There are also direct examples of toxic insults that may influence both PD and ALS. For example, environmental exposures have been extensively studied as risk factors for PD [127]. The organophosphate pesticide, chlorpyrifos has been identified as a possible risk factor for PD in both human and animal studies, where in addition to inhibiting acetylcholinesterase, it also likely affects dopaminergic neurotransmission and produces oxidative stress [128,129,130,131,132,133,134]. While the role of environmental exposures in ALS is far less understood than in PD, pesticides have also been explored as risk factors, with some studies suggesting increased ALS risk with pesticide exposure, especially related to organophosphate pesticides such as chlorpyrifos [135]. Interestingly, mutations in genes specifically responsible for chlorpyrifos detoxification also seem to increase ALS risk, suggesting a gene-environment interaction in the aetiology [136,137]. With respect to genetic overlap, an example is optineurin, which has been extensively studied in ALS and glaucoma [138]; mutations may also be a risk factor in PD [139,140]. While optineurin has many roles (i.e., innate immunity, mitophagy), in vivo experimental PD models, alterations in mitophagy expression and localization suggest that these are likely important in both ALS and PD [141]. Taken together, there is therefore a clear pathogenic overlap between ALS and PD. Overall, there is mounting evidence that the immune system may be a primary target of PD-relevant exposure, versus just a downstream pathogenic pathway. For example, a recent line of research has advanced understating of how environmental agents interact with specific innate immune signaling pathways in microglia to stimulate conversion to a neurotoxic phenotype. Here, researchers showed that nuclear factor kappa B (NF-κB) signaling in microglia is critical to clearance of aberrant α-syn resulting from rotenone exposure, an important finding that identifies neurotoxin-immune system-phenotypic links [141].

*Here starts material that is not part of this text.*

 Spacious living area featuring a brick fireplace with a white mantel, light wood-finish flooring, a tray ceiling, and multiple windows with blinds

3. Common therapeutic approaches in treating the immune (dys)functions in neurodegenerative diseases

The current treatments for NDDs are symptomatic and cannot affect and modify the underlying disease cause. However, recent understanding of multiple shared pathologies among NDDs, with considerable mechanistic overlap, has expanded to development of therapeutic targets. In fact, several emerging findings hold on the promising role of therapies able to act on the immune dysfunctions for slowing down the neurodegenerative process. As described above, many reports support the idea that molecules affecting the immune system pathways can have as a primary target the misfolded and aggregated proteins that accumulate in NDDs. The most investigated treatments include active and passive vaccinations, the molecules directly targeting the inflammatory mediators or pathways and the multimodal effects of stem cells, particularly of the mesenchymal ones (summarized in Figure 2).

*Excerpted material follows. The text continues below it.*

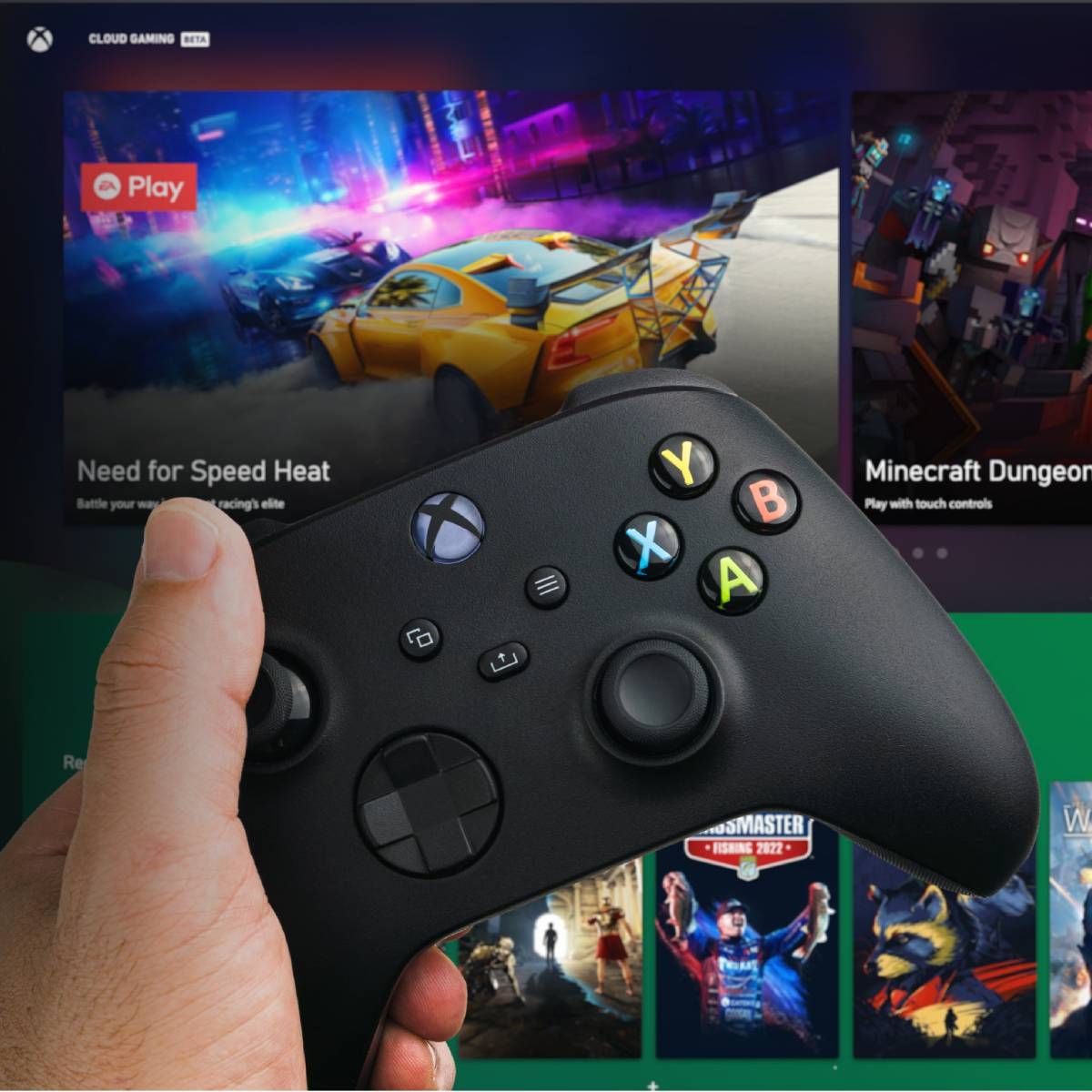 Man holding an Xbox controller with Cloud Gaming Pass blurred in the background.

3.1. Passive and active vaccination therapies targeting protein aggregates

In the last three decades, active vaccinations and monoclonal antibodies for passive vaccinations have been applied in several fields of medicine, including neoplastic and autoimmune diseases. More recently, this therapeutic strategy is also being evaluated for neurological diseases. In most NDDs, the primary underlying pathological mechanism is the abnormal accumulation of soluble proteins in the form of insoluble intracellular or extracellular aggregates, which can act directly as toxic aggregates or via precursors or mediators, and on which vaccination therapies can work [142]. More specifically, immunotherapeutic approaches include both passive and active immunization. The first one consists of an infusion with the monoclonal antibodies directed against the target molecules (e.g., the misfolded proteins); the second one provides specific antigens directed to a specific adaptive immune response [143], inducing the production of antibodies or modulating the inflammatory response. Certainly, the most relevant example is the removal of Aβ accumulation in AD. However, since the intracellular protein accumulation is a hallmark of most NDDs, the same approach was also used for intracellular proteins, α-syn and tau among them. We will summarize here the main clinical trials recently developed.

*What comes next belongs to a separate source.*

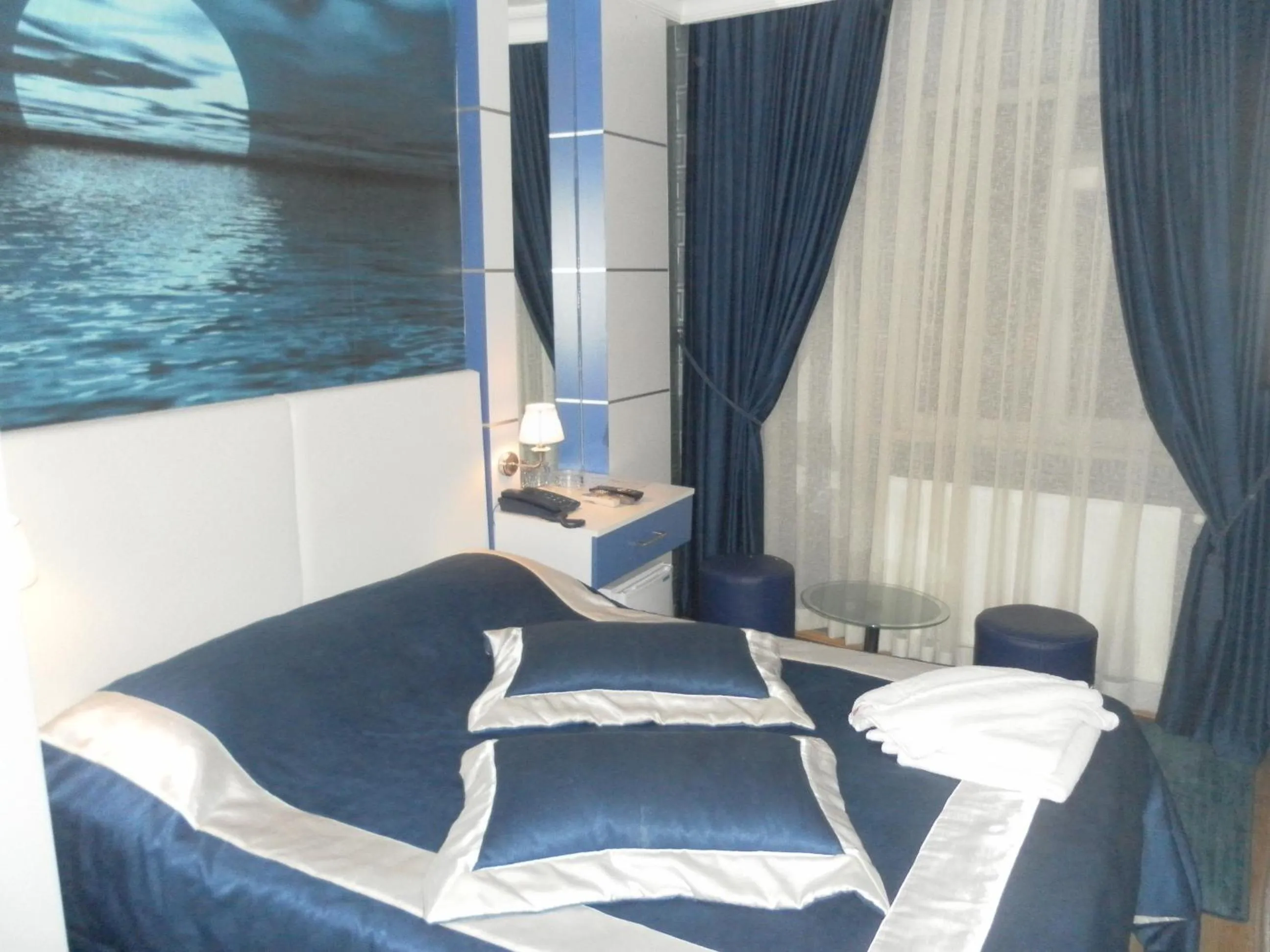 Bedroom in Hotel La White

3.1.1. Clinical trials on Aβ immunization

Currently, passive immunization with the antibodies against Aβ is the most advanced immunotherapy under investigation. It started from solid preclinical data showing the ability of Aβ-targeting monoclonal antibodies to bind the Aβ-42 species, reducing the toxicity, preventing cell death, and restoring the plasticity at the hippocampal level in animal models [144,145,146]. Different Aβ-targeting monoclonal antibodies have been proposed in recent years for AD treatment. Due to different binding properties among them, we have aducanumab [147] and lecanemab [148]among the most promising. The aducanumab was approved after two large trials (EMERGE, 1638 patients and ENGAGE, 1647) with AD patients in the early stage of the disease [147]. The primary outcome was the changes over treatment in the global cognition (measured with the Clinical Dementia Rating Sum of Boxes test) (CDR-SB) [149], and it was met in the EMERGE trial but not in the ENGAGE. However, in both studies, promising results were obtained regarding biomarkers, confirming a dose-dependent reduction in AD markers pathophysiology. Based on these results, aducanumab (marketed as Aduhelm) was approved by the U.S. Food and Drug Administration in 2021 under the accelerated approval pathway. On the contrary, the European Medicines Agency withdrew its marketing authorization application for aducanumab to treat the early stages of AD. Also for the US patients, in July 2023, lecanemab, a humanized IgG1 monoclonal antibody that binds with high affinity to Aβ soluble protofibrils, was approved (marketed as Leqembi). In the phase III clinical trial, the drug obtained its primary outcome (the same as the aducanumab trial) and reported a significant reduction in brain amyloid burden. Clinical trials on active immunization for Aβ started in 2000 [150]. The first vaccine tested in humans, called AN1792 (Elan Pharmaceuticals), provided the inoculations of amyloid-β42 peptide with an adjuvant. Albeit positive effects were observed in post-mortem neuropathological studies[151], the vaccine had several severe side effects (i.e., meningoencephalitis) and the trial was stopped. Even if without clinical efficacy, in a long-term follow-up of survived patients (14 years) [152] all had only very sparse or undetectable plaques in all regions examined. Subsequent trials in this regard obtained better safety results, but no clinical and biological effects [153].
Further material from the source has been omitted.